Leaving out pictures, output exactly the lines below from the one that has "Vintage 7 Inch" through the one that has "Herendi csipkebogyó mintás", and nothing else.

───── Data to use

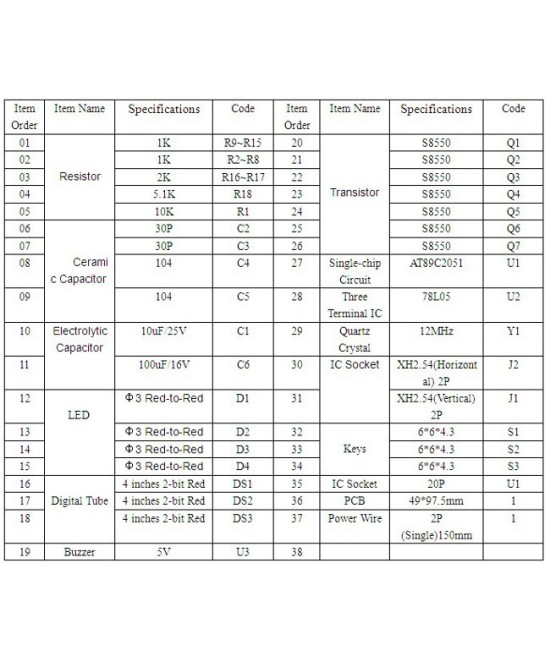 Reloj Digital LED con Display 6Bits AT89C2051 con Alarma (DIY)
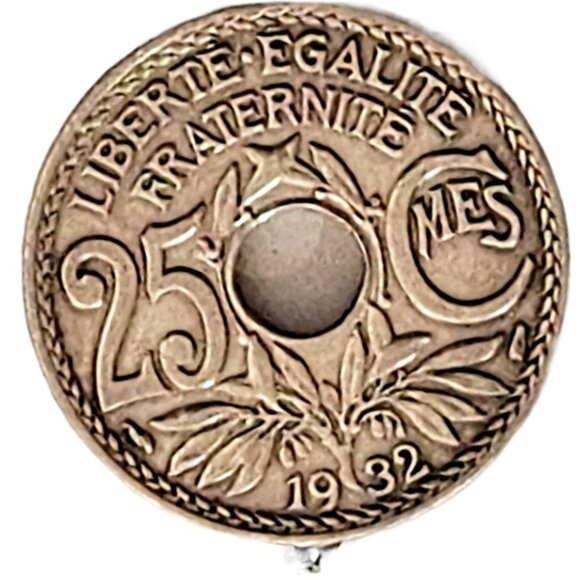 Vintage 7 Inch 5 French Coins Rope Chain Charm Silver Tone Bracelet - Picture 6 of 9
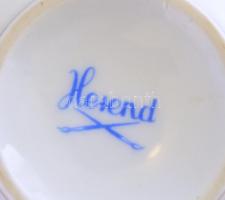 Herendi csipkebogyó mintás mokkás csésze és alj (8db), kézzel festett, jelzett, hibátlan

──────────
───── Data to use

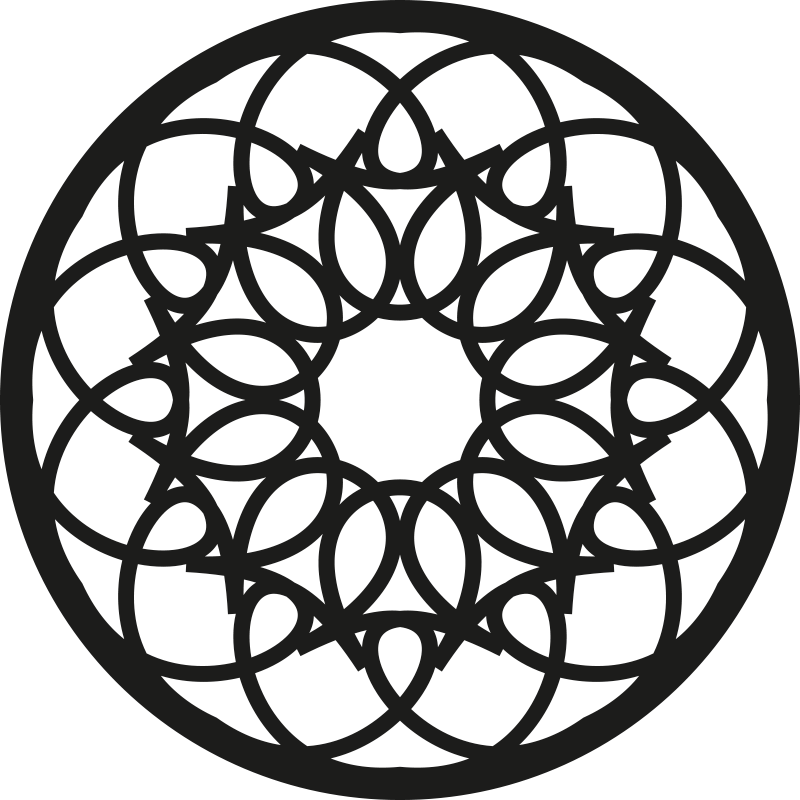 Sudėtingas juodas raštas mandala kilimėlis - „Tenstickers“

──────────

Answer area —
 Vintage 7 Inch 5 French Coins Rope Chain Charm Silver Tone Bracelet - Picture 6 of 9
 Herendi csipkebogyó mintás mokkás csésze és alj (8db), kézzel festett, jelzett, hibátlan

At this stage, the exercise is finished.